Justice of the Peace Josh Curtis introduced an ordinance to give the county judge power to hire and fire library staff, set librarians’ salaries and exert more control over the library system’s budget. The Quorum Court is scheduled to vote on that ordinance on June 19.

County Judge Matt Brumley told the Quorum Court he lost confidence in Hector in recent months after she refused to go along with a resolution they passed in April that called for moving some books out of the young people’s library section.

In media interviews since then, Hector defended her decision, saying that moving books to hard-to-access spots is equivalent to censorship. County officials do not have the power to dictate what books can be on library shelves, she’s said.
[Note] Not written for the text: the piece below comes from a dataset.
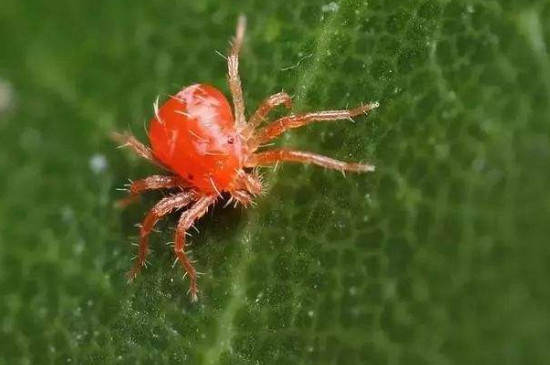 苹果树红蜘蛛用什么药最有效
Brumley said Monday he objected to Hector’s refusal to go along with the April resolution and to her statements to the media and at board meetings about why she made the decision to not comply.

“It has been said time and time again, three times at the board meeting, that moving books is the same as banning books. That is false,” Brumley said.

While she was a big topic of conversation, Hector was not at Monday’s meeting to weather the criticism or soak in compliments from the 19 Saline County residents who signed up to speak. Roughly half of them spoke in favor of pulling books with sexual content from youth-accessible shelves. The other half warned of a slippery slope that squelches minority viewpoints and limits what people are allowed to learn.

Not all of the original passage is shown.